Le Danemark s'apprête à voter une loi pour interdire de brûler le Coran. Certains, et notamment Charlie Hebdo, dénoncent le retour du délit de blasphème. C’est la nouvelle "affaire des corans", qui ressemble furieusement à l’affaire des "caricatures de Mahomet".
C'était en 2005, c'était déjà au Danemark: un journal avait publié des dessins du prophète qui avaient enflammé les foules dans de nombreux pays musulmans. Par solidarité avec le journal danois, Charlie Hebdo avait reproduit les caricatures et on connaît la suite: en 2015, c’est le massacre dans les locaux de Charlie Hebdo qui fait 12 morts… L’histoire dont on parle aujourd’hui commence de la même façon. Au Danemark et en Suède, au cours de l'été, à plusieurs reprises, des corans ont été brûlés ou piétinés en public.

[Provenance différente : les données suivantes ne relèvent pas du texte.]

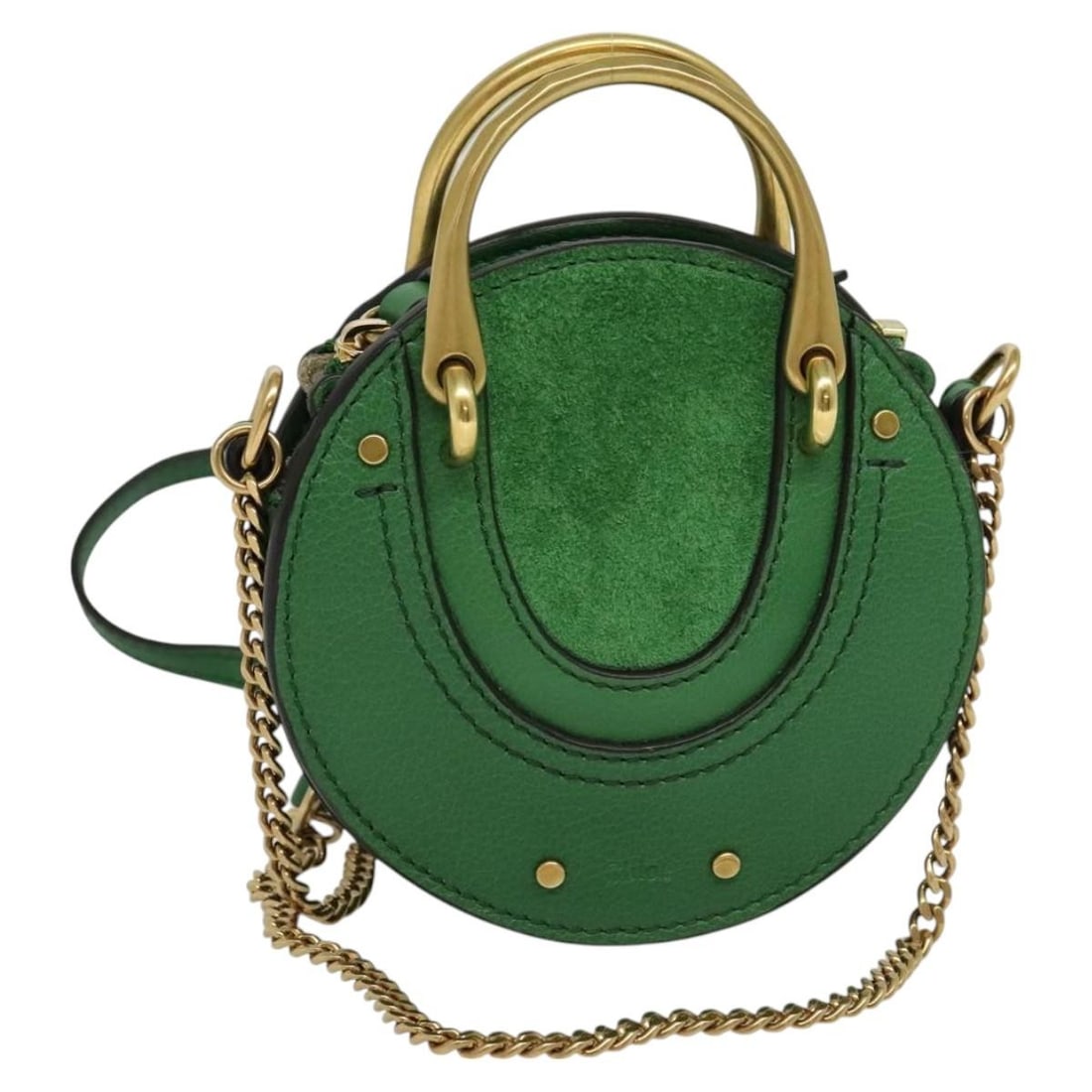Chloe Chain Pixy Leather Shoulder Bag Green Gold Auth 120652 (1 of 18)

Au Danemark, une femme d’origine iranienne a déchiré un Coran devant l’ambassade d’Iran pour protester contre la répression de la révolte des femmes dans son pays. En Suède, plusieurs fois cet été, des rassemblements ont été organisés pour brûler devant les caméras un exemplaire du Coran. La dernière fois, c'était dimanche dernier. Des manifestants musulmans sont venus protester, il y a eu des heurts avec la police et plusieurs arrestations.
Mais c’est surtout dans les pays musulmans que ces évènements ont provoqué un mouvement de colère. L'Iran, la Syrie ou encore l'Arabie saoudite protestent. En Iran, l'ayatollah Khamenei, le guide suprême, parle d’une guerre contre le monde islamique. Les ambassadeurs danois et suédois ont été convoqués. Les autorités reprochent aux gouvernements de ces deux pays européens de laisser faire ces actes éhontés et odieux qui portent atteinte au livre saint.
En Irak, une violente manifestation a eu lieu devant l’ambassade de Suède en juillet. Les locaux ont été incendiés par la foule. Et l'ambassadrice suédoise a ensuite été expulsée du pays.
Un homme seul à l’origine des faits
A l’origine de ces opérations contre le Coran en Suède et au Danemark, c’est quasiment un homme seul. Il s’appelle Salwan Momika, il a 37 ans. C’est un Irakien réfugié en Suède. Il a combattu contre les islamistes de Daesh lors de la bataille de Mossoul et il en a gardé une haine de l’Islam. Il se décrit comme un farouche militant athée. Et il a donc commencé, seul, à brûler des exemplaires du Coran à Stockholm. Une fois, deux fois, trois fois. Il a convoqué la presse, il est passé à la télé, il a reçu le soutien de groupes d'extrême droite islamophobes. Et ce qui était au départ un geste individuel est devenu une affaire d'Etat et un scandale international. Au point que le Danemark va changer sa loi.
Le gouvernement vient de présenter un texte pour interdire le traitement "inapproprié" d’objets religieux. Autrement dit, brûler, déchirer ou piétiner un livre, que ce soit le Coran, la Bible ou la Torah. Brûler des corans, a dit le Garde des sceaux danois, est un acte fondamentalement antipathique et qui nuit au Danemark et aux intérêts danois.
Le gouvernement se défend d’un retour à l’interdiction du blasphème, parce que la loi ne couvre pas l’expression verbale ou écrite. Il reste permis de critiquer, voire d’insulter une religion, mais pas de brûler des livres.
Malgré cela, le journal Charlie Hebdo estime que les Danois instaurent le délit de blasphème. C’est la une du journal qui sort ce mercredi matin. Charlie Hebdo lance un appel contre cette nouvelle loi, co-signé par huit médias scandinaves, dont un site norvégien d'extrême droite.
Richard Malka, l’avocat de Charlie Hebdo, estime qu’une démocratie, le Danemark, vient de céder à des pays comme le Pakistan, l'Arabie saoudite ou l'Afghanistan des talibans. Des pays où le blasphème est puni de la peine de mort.
Pour lui, le Danemark revient, pas à pas, vers une "loi de Dieu" supérieure à celle des hommes. Et c’est une pente extraordinairement dangereuse. Défense de la liberté d’expression d’un côté, exigence de respect de l’autre: c’est exactement le débat que l’on avait il y a près de 20 ans au moment de l'affaire des caricatures.